In 31 B.C.E. Octavian, the adopted son of Julius Caesar, defeated Cleopatra and Mark Anthony at Actium. This brought the last civil war of the republic to an end. Although it was hoped by many that the republic could be restored, it soon became clear that a new political system was forming: the emperor became the focus of the empire and its people. Although, in theory, Augustus (as Octavian became known) was only the first citizen and ruled by consent of the Senate, he was in fact the empire's supreme authority. As emperor he could pass his powers to the heir he decreed and was a king in all but name.
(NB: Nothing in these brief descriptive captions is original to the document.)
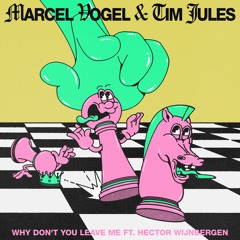 Marcel Vogel, Hector Wijnbergen, Tim Jules - Why Don't You Leave Me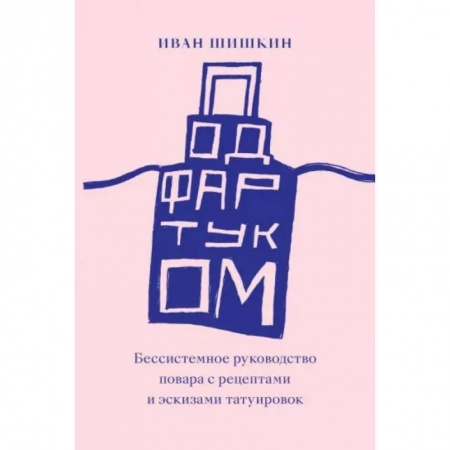 Общие вопросы по кулинарии, книга Под фартуком. Бессистемное руководство повара с рецептами и эскизами татуировок купить по скидке
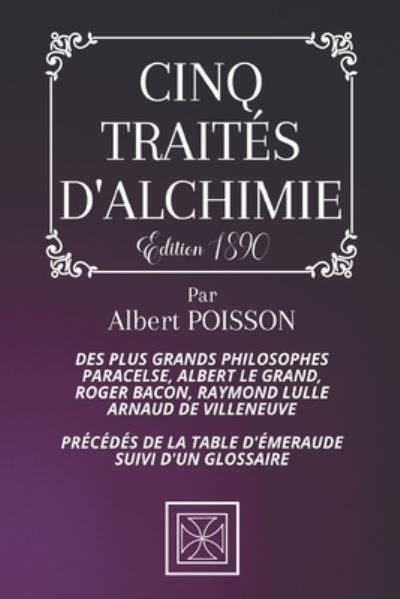 Cover for Paracelse · Cinq Traites d'Alchimie (Paperback Book) (2020)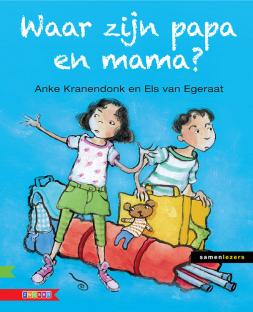 Waar zijn papa en mama? Waar zijn papa en mama?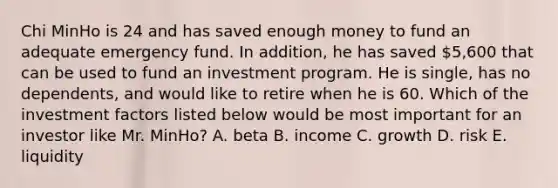 Chi MinHo is 24 and has saved enough money to fund an adequate emergency fund. In addition, he has saved 5,600 that can be used to fund an investment program. He is single, has no dependents, and would like to retire when he is 60. Which of the investment factors listed below would be most important for an investor like Mr. MinHo? A. beta B. income C. growth D. risk E. liquidity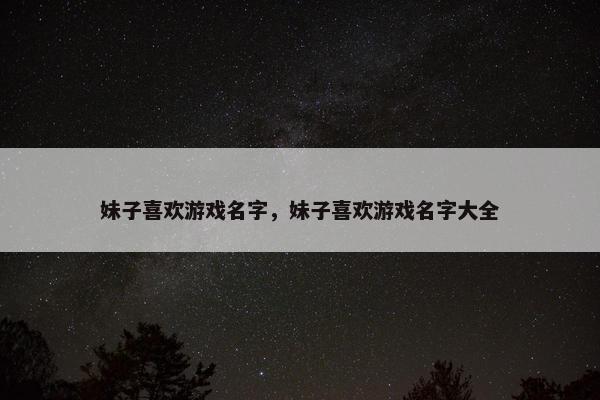 妹子喜欢游戏名字，妹子喜欢游戏名字大全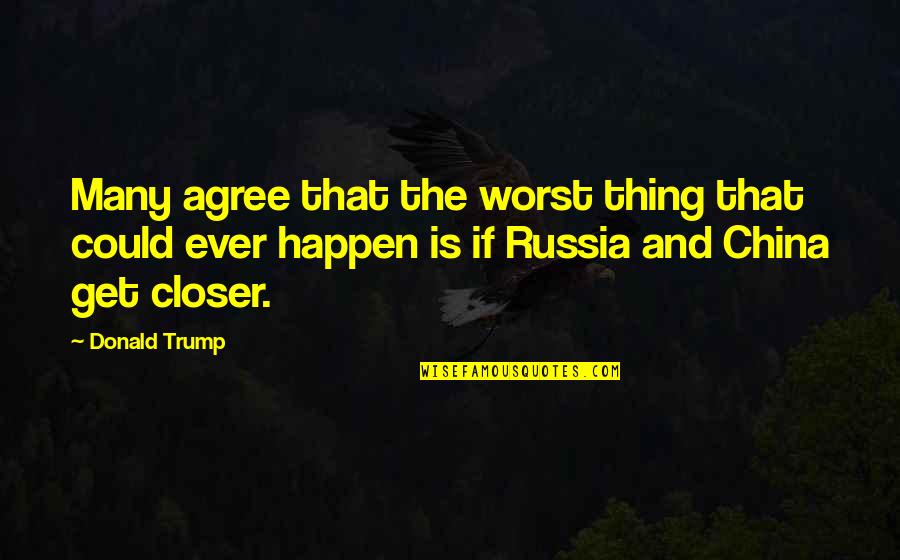 Stealth Quote Quotes By Donald Trump: Many agree that the worst thing that could Stealth Quote Quotes By Donald Trump: Many agree that the worst thing that could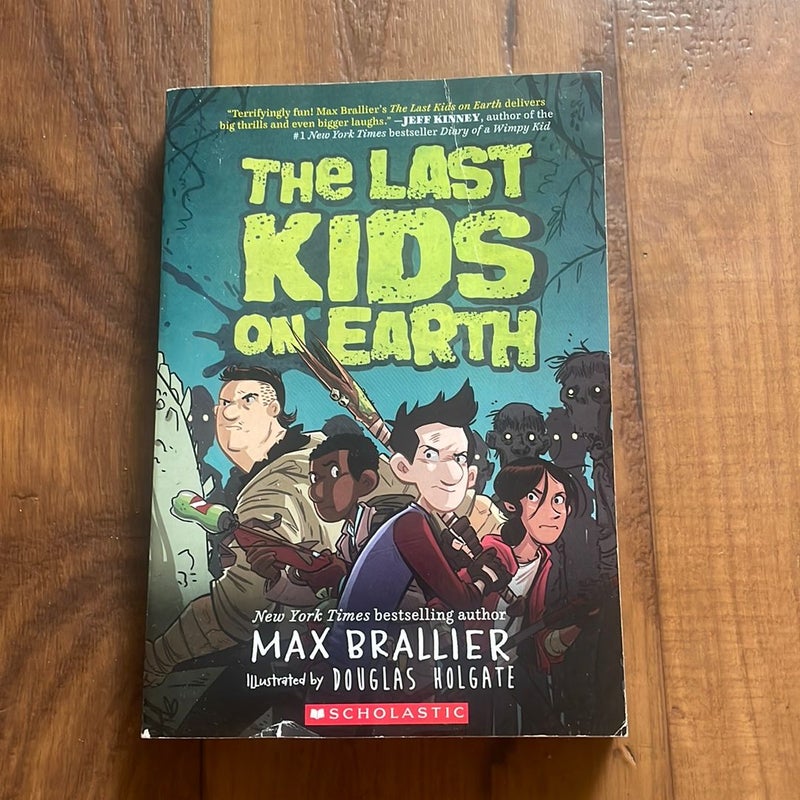 The Last Kids On Earth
The imperial system of the Roman Empire depended heavily on the personality and standing of the emperor himself. The reigns of weak or unpopular emperors often ended in bloodshed at Rome and chaos throughout the empire as a whole. In the third century C.E. the very existence of the empire was threatened by a combination of economic crisis, weak and short-lived emperors and usurpers (and the violent civil wars between their rival supporting armies), and massive barbarian penetration into Roman territory.
Financial pressures, urban decline, underpaid troops and consequently overstretched frontiers - all of these finally caused the collapse of the western empire under waves of barbarian incursions in the early fifth century C.E. The last western emperor, Romulus Augustus, was deposed in 476 C.E., though the empire in the east, centered on Byzantium (Constantinople), continued until the fifteenth century.